CIAO INDONESIA

Selasa, 22 Februari 2011

TENTANG ALAM

PEDULIKAH AKU AKAN HARMONI LINGKUNGAN HIDUP?

Pengantar

Dewasa ini, motif-motif penghancuran alam lebih dikarenakan alasan ekonomi. Manusia sebagai pelaku bisnis ingin mendapatkan keuntungan yang sebesar-besarnya dengan memanfaatkan alam. Alasan-alasan rasional seringkali digunakan untuk membendung arus protes mereka yang mengusung tema go green . Bukan tidak mungkin bumi ini akan semakin kehilangan makna sakral sebagai ciptaan Tuhan yang indah. Alih-alih menjadi tempat tinggal yang nyaman, bumi semakin kehilangan identitasnya sebagai tempat kehidupan bagi setiap ciptaan. Demi keuntungan ekonomis dan pembangunan yang hanya identik dengan gedung-gedung tinggi, ekologi dihancurkan hanya untuk pembangunan yang tidak memperhatikan keramahan terhadap lingkungan tempat kita tinggal.

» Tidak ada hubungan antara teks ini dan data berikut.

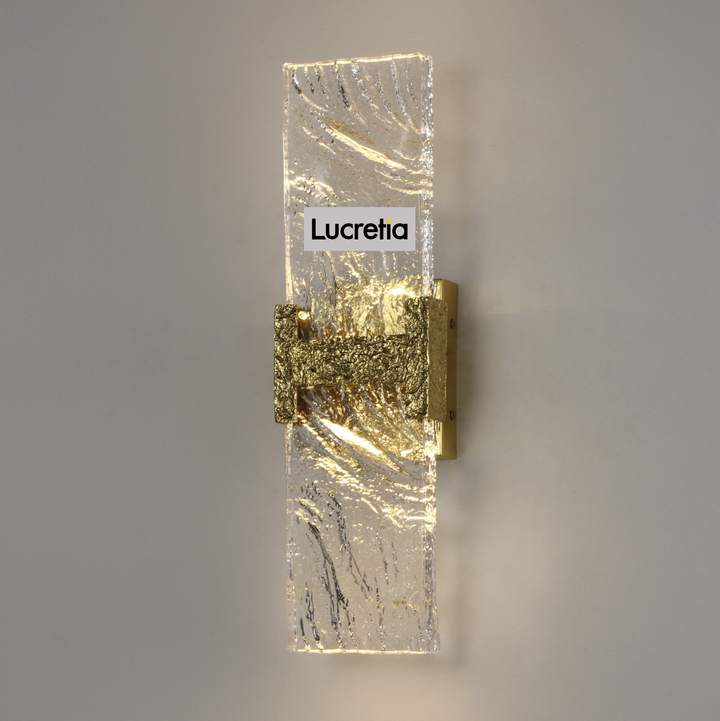 incu wall lamp with hand-carved brass detail and textured illuminated glass panel modern luxury led wall light for hallways bedrooms and boutique interiors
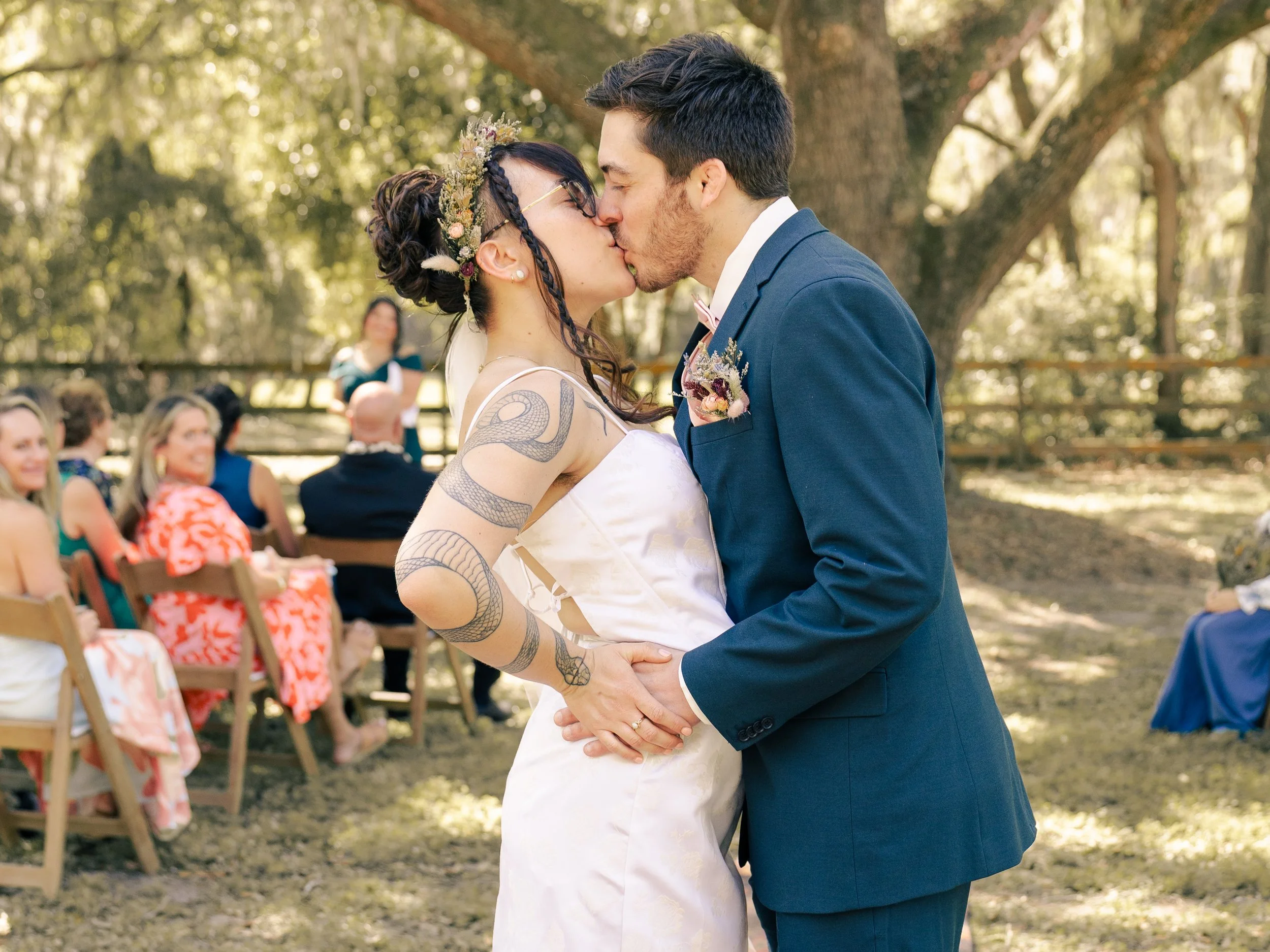 A couple is kissing during their outdoor wedding ceremony, with guests seated on chairs in the background. The woman has tattoos on her arm and is wearing a floral headpiece, and the man is dressed in a navy blue suit with a pink bow tie.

Berhadapan dengan persoalan yang sedemikian rumit, setiap orang ditantang untuk menentukan disposisi dirinya. Ia dituntut untuk berani bertindak, bukan hanya membela tempat tinggalnya sendiri, juga bukan pula menghindarinya dengan lari kepada dunia “yang akan datang”, melainkan bertanggung jawab atas bumi tempat berpijak. Tanggung jawab perlu dilakukan untuk mengatasi persoalan ini. Masihkah kita berani mengklaim bahwa diri kita adalah orang beriman dengan merusak lingkungan dan diam tatkala bumi tempat untuk tinggal itu rusak perlahan-lahan? Apakah iman itu dapat berkembang kepada pengalaman akan Allah? Pertanyaan ini menggugah kesadaran kita bahwa kita tidak boleh berpangku tangan. Bumi adalah bagian dari diri kita. Tanpa adanya lingkungan hidup yang memadai, kita kehilangan bagian diri kita yang penting. Satu-satunya yang jelas saat ini adalah kita bertanggung jawab atas rusaknya lingkungan hidup kita dari pemusnahan ‘diam-diam’.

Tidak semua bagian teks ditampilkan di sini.